Sepp Blatter, the absurd head of FIFA has apologised for making remarks which, as far as one can see, where not in fact racist.

Mr Blatter somewhat optimistically stated that "there is no racism" in football and that players who do get rude words shouted at them should be able to shrug it off and clear things up with a handshake.

If only Johann Hari had been on hand during the interview to present Mr Blatter's views in a more favourable light. Had this been so we might be hearing instead how Mr Blatter (as he said after the interview) is "committed to the fight against racism".

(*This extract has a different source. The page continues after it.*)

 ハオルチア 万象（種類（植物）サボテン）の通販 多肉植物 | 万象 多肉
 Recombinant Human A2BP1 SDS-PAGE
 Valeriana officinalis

How sad and depressing it is that Mr Blatter can be the head of an international organisation that is alleged to be awash with corruption and bribery and not be forced to resign and yet when he makes a non-racist, but dozy, remark about racism all of a sudden his position is, as they say, untenable.

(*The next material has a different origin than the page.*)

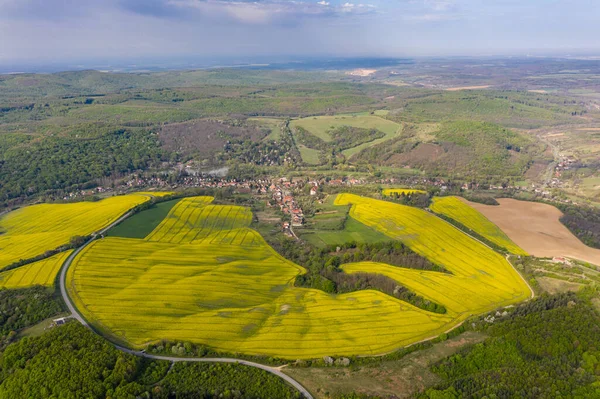 Yellow Canola Field Cloudy Sky — Stock Photo, Image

One almost hopes he survives such a ridiculous onslaught from thoughtless people saying how outraged they are about a non-story while all the while remaining quiet about some of the more worrying stories about FIFA.

It only goes to show that race is, to put it mildly, a touchy issue. This has led professional racism hunters to see elements of racism even in such seemingly innocent works of fiction like, Tintin and the Lord of the Rings.

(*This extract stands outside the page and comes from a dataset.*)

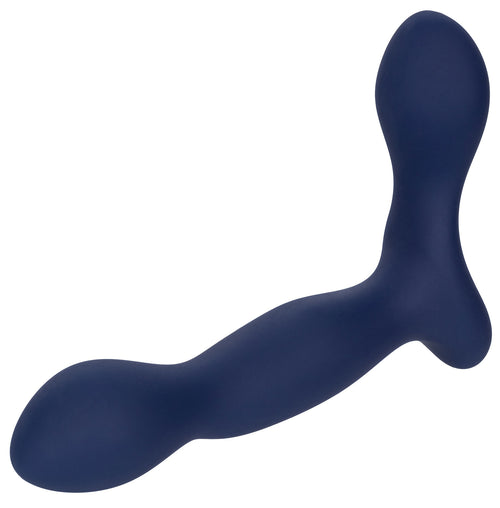 Stimulateur de prostate Expert Probe Viceroy 10 x 2.5cm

Now in the case of Tintin such hunters do not have to look very hard for evidence of racial prejudice. Tintin in the Congo is perhaps the most well known example of blatant racism by Herge although what is less well remembered is that some of the Jewish characters in Tintin look like they could have come straight out of the pages of Der Sturmer.

This combined with Herge's not completely unfriendly attitude towards the Germans occupying his native Belgium does not present a pretty picture and is a stain on Herge's reputation.

Despite this, Herge later expressed public regret about Tintin in the Congo and wrote stories that emphasised inter-racial friendship and ridiculed racial stereotyping, notably Tintin and the Blue Lotus and Tintin in Tibet.

Herge, then, might best be described as a reformed character, who once held what might be called racist views but later came to reject them.

Scouring the works of J.R.R. Tolkien for racist material is somewhat more difficult although this has not stopped people from trying.

It has been noted that some of the more villainous people and races of Middle Earth were described as being slightly darker than the average Elf or Hobbit.

In addition some have taken issue with the fact that the Dwarves, who have an extensive Diaspora, no real homeland, are highly skilled, don't care what the outside world thinks of them and are very keen on (and good at) making money, are clearly based on Jews.

Quite why this is such an insult is a mystery given that, apart from their slight obsession with gold, the Dwarves are considered to be a noble and good people. Indeed when asked by a Nazi publisher whether he was of Jewish descent, Tolkien replied to the effect that he was not but that he would be proud to be so.

Clearly then Tolkien was not an anti-Semite.

There is also the question of genocide surrounding Tolkien. There is little doubt reading the Lord of the Rings that the extermination of the Orcs, who are certainly not white, would not be a bad thing.

However when it comes to Orcs it is clear that Tolkien does not have blacks, Asians or any other race in mind, rather there is a spiritual element at work. The original conception of the Orcs seems to be not that they are sub-humans, but that they are demonic creatures. The desire to destroy the Orcs is therefore not a call to ethnic cleansing but to rid the world of evil.

By contrast the "evil men" mentioned in Tolkien's works, whatever colour they are, are never mentioned as targets for extermination. They can be, and are, brought into the world of civilised nations regardless of their race.

If Herge can be forgiven for his apparent racial prejudice and Tolkien cleared despite the concerns of a few, it seems reasonable that Mr Blatter can be absolved of his ridiculous but obviously non-racist remark.